The results of the present study show that early oxygen therapy following acute ischemic stroke does not reduce vasogenic brain edema, nor does it protect against oxidative stress-induced BBB destruction in adult male Sprague-Dawley rats. Additionally, cerebral edema formation occurs in conjunction with an increased mortality rate, serious brain injury, and impairment of brain antioxidant power.

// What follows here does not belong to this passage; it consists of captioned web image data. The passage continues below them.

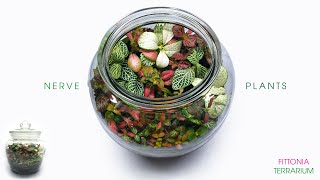 Nerve Plant Terrarium  FIttonia ASMR Build [upl. by Avlasor808]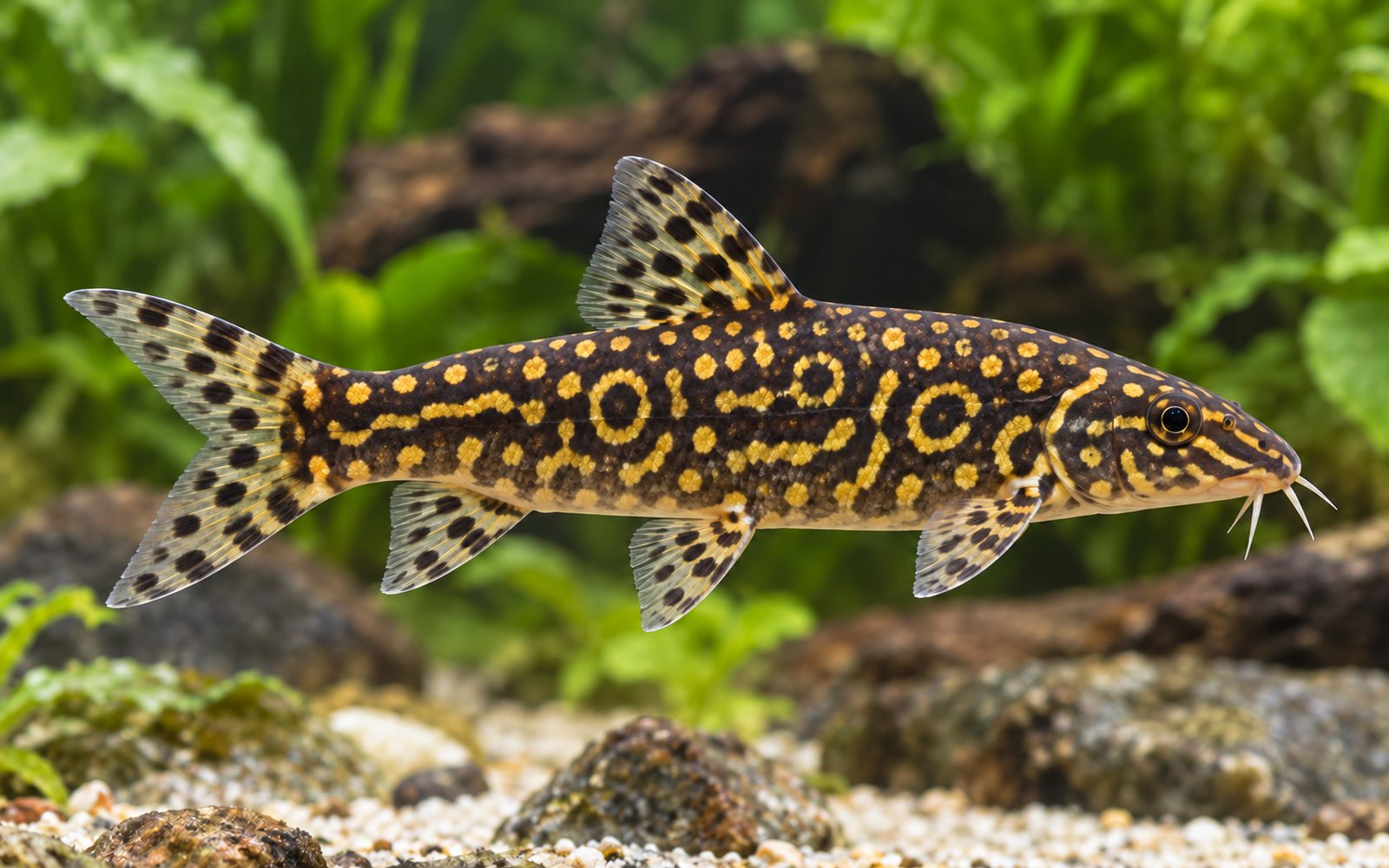 Kubotai Botia (Botia kubotai)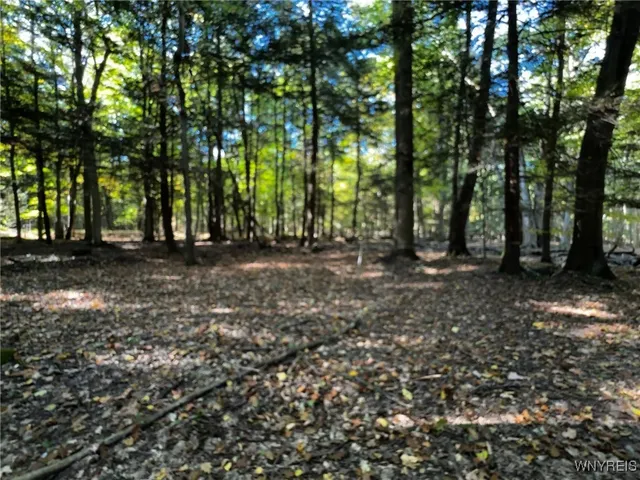 $39,900 | 10051 Highway 62, Persia, NY 14070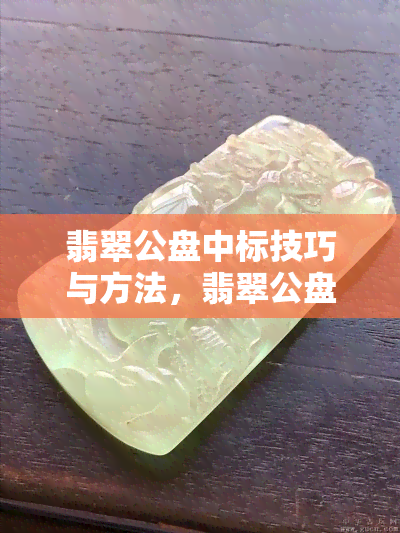 翡翠公盘中标技巧与方法，翡翠公盘的标价怎么看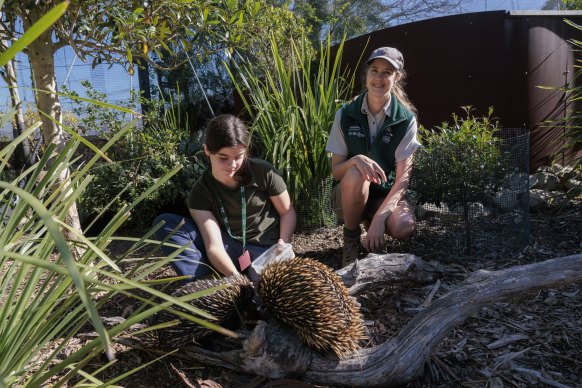 Estella Bayfield feeds echidnas alongside zookeeper Laura Mackey at Taronga Zoo as part of a work experience program.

Some previous studies reported that NBO reduces ischemic brain injury, improves neurological outcome, and protects the BBB against ischemic disruption, especially when used early after ischemia and for a short duration5, 7, 14, 25. These studies suggest that NBO may act as an effective and safe treatment strategy for ischemic stroke14, 15. However, our findings showed that early oxygen supplementation did not produce beneficial effects against ischemic brain damage and subsequent edema formation. Our research showed that early oxygen therapy may exacerbate oxidative cerebral damage and produce harmful effects in acute ischemic stroke. Other studies also showed that early oxygen therapy increased ischemia-induced brain damage and mortality rate after stroke9, 10, 12. Our results are in accordance with previous studies, which reported that reoxygenation following moderate hypoxia caused BBB impairment through ROS generation and subsequent tight junction protein destruction26,27,28.

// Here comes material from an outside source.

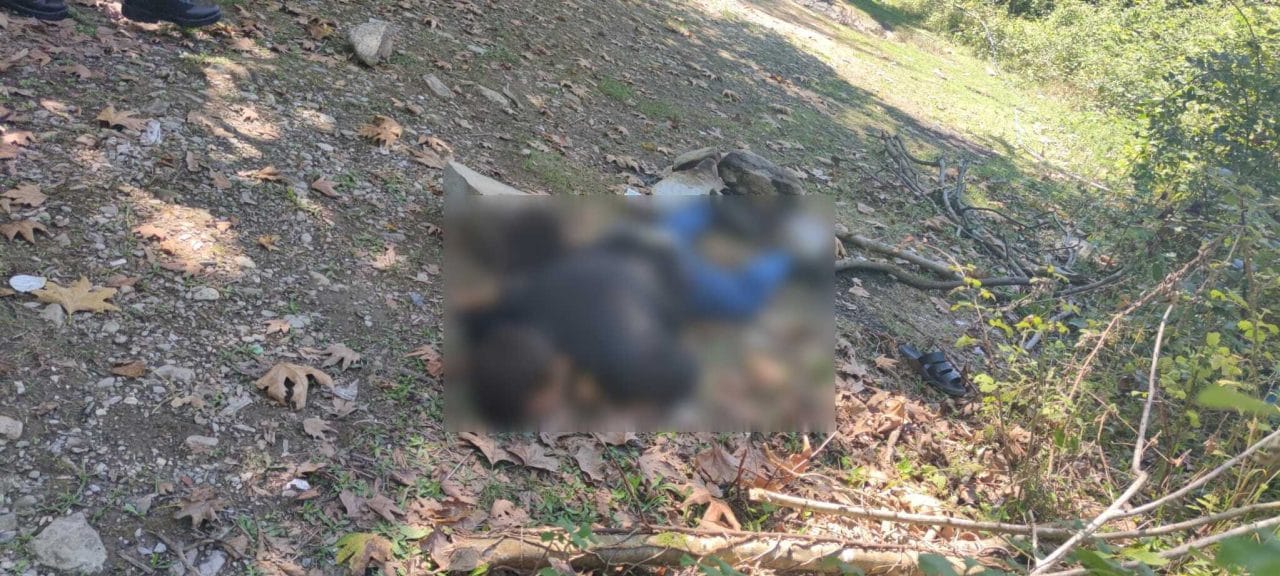 Kastamonu'nun Cide ilçesinde balık tutan köylüler tarafından dere kenarında av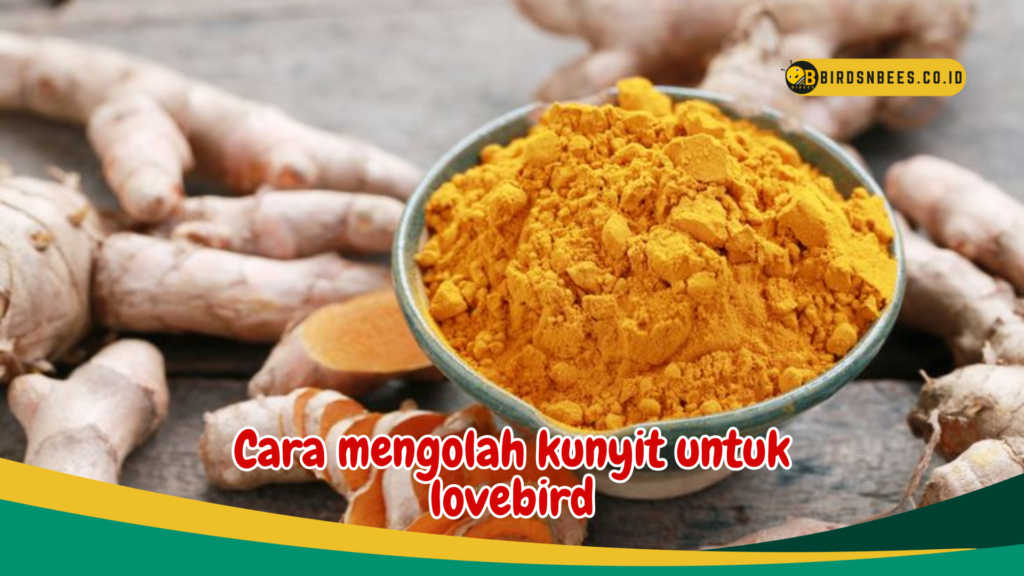 Cara mengolah kunyit untuk lovebird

There are multiple reasons for the failure of NBO to produce protective effects against cerebral ischemic injuries and vasogenic edema formation. Early hyperoxia after cerebral ischemia could increase the generation of ROS due to mitochondrial respiration impairment12, 13. Thus, NBO may cause severe oxidative damage of the brain and BBB disruption by lipid peroxidation, especially during reperfusion6, 29. Our findings also showed that the antioxidant power of brain tissue was significantly reduced in NBO-treated ischemic rats. In addition, hyperoxia may compromise cerebral blood flow via vasoconstriction and thereby worsen the functional outcome of ischemic stroke13, 30. Dubinsky et al. also suggested that neuronal cell death caused by glutamate excitotoxicity requires the presence of oxygen31.

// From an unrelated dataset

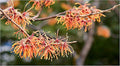 Well-Rooted Witch Hazel Plant Hamamelis virginiana for Garden, Full Sun to Partial Shade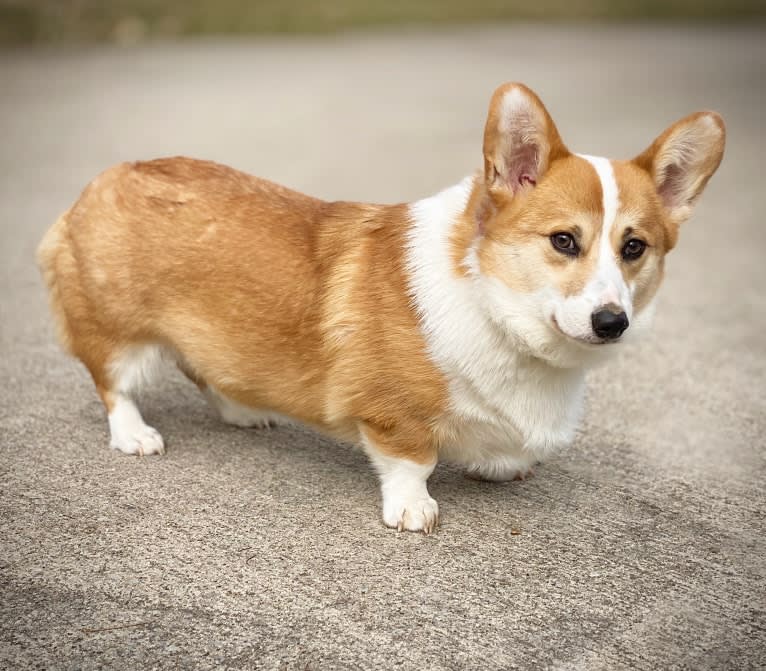 Kudzu (Zuzu), a Pembroke Welsh Corgi tested with EmbarkVet.com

It appears that treatment of acute ischemic stroke might depend on the severity of the brain injury, timing and duration of oxygen therapy, and the age of the patient. Oxygen therapy may exacerbate stroke outcome in aged patients with severe brain damage13. However, more studies should be conducted to clarify the beneficial effects and potential side effects of NBO treatment before clinical use. Further experimental studies are needed to determine the effects of different percentages of oxygen, duration of NBO supplementation, duration of ischemia, and timing of treatment. New experimental research should be designed using aged, hypertensive, and diabetic animals concerning stroke-related risk factors.

In conclusion, our findings showed that early NBO treatment did not reduce ischemic brain injuries and does not produce protective effects against vasogenic cerebral edema formation and BBB disruption following acute ischemic stroke. Reduction of brain tissue antioxidant power and increases in lipid peroxidation may be a possible mechanism for early oxygen therapy failure. Further experimental studies are needed to clarify the beneficial effects and potential side effects of early oxygen therapy before clinical use.